In the 4th century CE, an Egyptian man named Hermias recorded his erotic frustrations in a curse against a woman named either Titerous or Tigerous. (He calls her both.) He complains to the gods (Tr. Betz.):
"Anubis … assume all your authority and all your powers against Tigerous, whom Sophia bore.
Make her cease from her arrogance, calculation, and her shamefulness,
and attract her to me, beneath my feet, melting with passionate desire at every hour of the day and night,
always remembering me while she is eating, drinking, working, conversing, sleeping, having an orgasm in her dreams,
until she is scourged by you and comes desiring me, with her hands full, with a generous soul and graciously giving me both herself and her possessions and fulfilling what is appropriate for women in regards to men:
serving both my desire and her own unhesitatingly and unabashedly, joining thigh to thigh and belly to belly and her black [pubic hair] to my black, most pleasantly."
Hermias’ fantasy of Titerous asks for more than just sex: he demands her submission. He wants her humbled, whipped, and obsessed with him; he wants access to her body, her property, her emotions, even her dreams; he wants her to be punished for not already being his. And she had better be happy about it.
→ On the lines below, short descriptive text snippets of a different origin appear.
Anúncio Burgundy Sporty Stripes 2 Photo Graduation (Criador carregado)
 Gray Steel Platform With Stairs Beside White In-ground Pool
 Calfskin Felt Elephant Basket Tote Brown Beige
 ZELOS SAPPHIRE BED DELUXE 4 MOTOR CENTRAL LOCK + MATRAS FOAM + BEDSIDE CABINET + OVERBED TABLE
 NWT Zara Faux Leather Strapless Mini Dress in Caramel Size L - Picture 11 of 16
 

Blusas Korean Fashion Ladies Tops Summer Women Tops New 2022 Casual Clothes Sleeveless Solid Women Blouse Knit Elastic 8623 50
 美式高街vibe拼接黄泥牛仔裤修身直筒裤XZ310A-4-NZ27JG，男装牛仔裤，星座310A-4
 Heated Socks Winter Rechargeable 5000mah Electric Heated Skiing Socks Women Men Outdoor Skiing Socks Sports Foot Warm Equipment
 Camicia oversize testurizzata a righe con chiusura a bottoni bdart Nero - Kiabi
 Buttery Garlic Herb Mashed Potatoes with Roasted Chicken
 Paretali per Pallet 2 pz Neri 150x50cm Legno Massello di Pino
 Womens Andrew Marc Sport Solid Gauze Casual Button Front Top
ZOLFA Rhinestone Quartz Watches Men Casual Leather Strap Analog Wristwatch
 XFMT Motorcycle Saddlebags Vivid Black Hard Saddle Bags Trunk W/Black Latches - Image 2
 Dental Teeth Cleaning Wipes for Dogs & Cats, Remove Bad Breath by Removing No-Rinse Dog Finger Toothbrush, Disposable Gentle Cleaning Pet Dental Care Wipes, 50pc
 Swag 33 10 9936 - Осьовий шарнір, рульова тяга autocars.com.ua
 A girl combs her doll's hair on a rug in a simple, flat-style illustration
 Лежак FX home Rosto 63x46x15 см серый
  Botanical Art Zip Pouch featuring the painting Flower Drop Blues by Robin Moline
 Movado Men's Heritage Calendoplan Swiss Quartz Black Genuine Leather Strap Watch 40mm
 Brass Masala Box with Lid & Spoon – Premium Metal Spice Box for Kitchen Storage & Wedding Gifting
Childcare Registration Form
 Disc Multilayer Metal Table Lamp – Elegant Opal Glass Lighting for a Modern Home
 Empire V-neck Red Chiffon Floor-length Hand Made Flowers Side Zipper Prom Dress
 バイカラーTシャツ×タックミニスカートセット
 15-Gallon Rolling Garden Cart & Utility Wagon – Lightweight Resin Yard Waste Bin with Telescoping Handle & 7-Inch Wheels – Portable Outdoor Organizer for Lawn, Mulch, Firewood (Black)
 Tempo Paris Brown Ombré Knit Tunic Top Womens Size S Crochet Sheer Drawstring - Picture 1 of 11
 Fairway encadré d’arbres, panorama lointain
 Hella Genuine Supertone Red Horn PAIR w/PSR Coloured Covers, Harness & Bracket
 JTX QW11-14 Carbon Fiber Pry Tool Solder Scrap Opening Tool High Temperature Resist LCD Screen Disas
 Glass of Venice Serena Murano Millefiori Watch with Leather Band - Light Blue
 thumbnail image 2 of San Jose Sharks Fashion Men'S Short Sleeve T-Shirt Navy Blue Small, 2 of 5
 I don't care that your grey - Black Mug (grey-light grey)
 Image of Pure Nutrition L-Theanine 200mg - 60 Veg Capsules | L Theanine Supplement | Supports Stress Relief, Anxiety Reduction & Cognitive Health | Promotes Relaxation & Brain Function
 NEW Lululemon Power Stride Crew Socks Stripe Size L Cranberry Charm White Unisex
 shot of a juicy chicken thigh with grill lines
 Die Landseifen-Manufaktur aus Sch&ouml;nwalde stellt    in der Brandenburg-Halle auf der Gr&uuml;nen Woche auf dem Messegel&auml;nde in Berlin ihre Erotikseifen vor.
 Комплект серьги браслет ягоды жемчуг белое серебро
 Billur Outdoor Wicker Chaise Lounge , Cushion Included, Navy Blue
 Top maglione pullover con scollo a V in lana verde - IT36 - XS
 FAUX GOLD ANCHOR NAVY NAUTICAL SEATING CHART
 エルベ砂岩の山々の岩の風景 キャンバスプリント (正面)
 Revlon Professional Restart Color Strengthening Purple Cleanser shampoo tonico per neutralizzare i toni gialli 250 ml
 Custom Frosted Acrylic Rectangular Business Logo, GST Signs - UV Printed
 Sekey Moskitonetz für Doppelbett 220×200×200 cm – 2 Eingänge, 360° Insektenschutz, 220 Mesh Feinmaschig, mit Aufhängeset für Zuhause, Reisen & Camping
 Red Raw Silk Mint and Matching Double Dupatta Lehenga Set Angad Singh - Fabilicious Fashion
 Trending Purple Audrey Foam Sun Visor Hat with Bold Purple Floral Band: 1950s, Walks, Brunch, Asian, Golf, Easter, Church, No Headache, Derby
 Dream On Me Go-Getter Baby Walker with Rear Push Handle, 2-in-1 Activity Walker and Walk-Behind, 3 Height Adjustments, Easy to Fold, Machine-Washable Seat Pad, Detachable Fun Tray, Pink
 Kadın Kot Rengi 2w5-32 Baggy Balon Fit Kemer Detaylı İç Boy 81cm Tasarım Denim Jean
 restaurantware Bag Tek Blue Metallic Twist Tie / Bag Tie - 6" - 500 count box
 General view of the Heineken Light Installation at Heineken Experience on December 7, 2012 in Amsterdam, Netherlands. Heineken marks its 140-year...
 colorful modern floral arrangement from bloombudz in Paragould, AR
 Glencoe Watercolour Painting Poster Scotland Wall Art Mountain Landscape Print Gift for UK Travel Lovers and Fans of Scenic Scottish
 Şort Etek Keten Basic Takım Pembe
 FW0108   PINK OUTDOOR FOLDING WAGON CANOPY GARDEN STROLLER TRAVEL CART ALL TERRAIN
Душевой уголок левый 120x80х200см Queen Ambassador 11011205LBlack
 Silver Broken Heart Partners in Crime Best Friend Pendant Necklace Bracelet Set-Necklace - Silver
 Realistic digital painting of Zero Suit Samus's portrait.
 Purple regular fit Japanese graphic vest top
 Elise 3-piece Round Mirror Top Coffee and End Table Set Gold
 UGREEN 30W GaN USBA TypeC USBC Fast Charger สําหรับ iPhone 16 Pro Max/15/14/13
The form of Hermias’ spell is ancient, but the aggrieved entitlement is all too familiar. The ambivalent language of love curses — sometimes violently misogynistic, sometimes almost wistful, has eerie modern parallels in the discourse of the so-called manosphere: MRAs (“men’s rights activists”), “incels” (“involuntarily celibate”, a moniker adopted by some bitterly anti-feminist groups who feel women unfairly withhold sex from them), MGTOWs (“men going their own way”), PUAs (“pick up artists”), and similar groups loosely affiliated with the alt-right, who are having something of a moment here in 2018. (Alek Minassian, the driver who killed 10 people with a van in Toronto in April, identified as an incel.)

The description of Titerous as arrogant, calculating, shameful, and unwomanly for not being interested in Hermias seems out of place in the modern MRA movement only because of its restraint. Compare this post on the late and unlamented r/incels subreddit, which catalogues “Reasons why women are the embodiment of evil”. (r/incels was finally banned by Reddit in November 2017 for inciting violence.) Whiny dudes, it seems, whine in much the same way across the millennia.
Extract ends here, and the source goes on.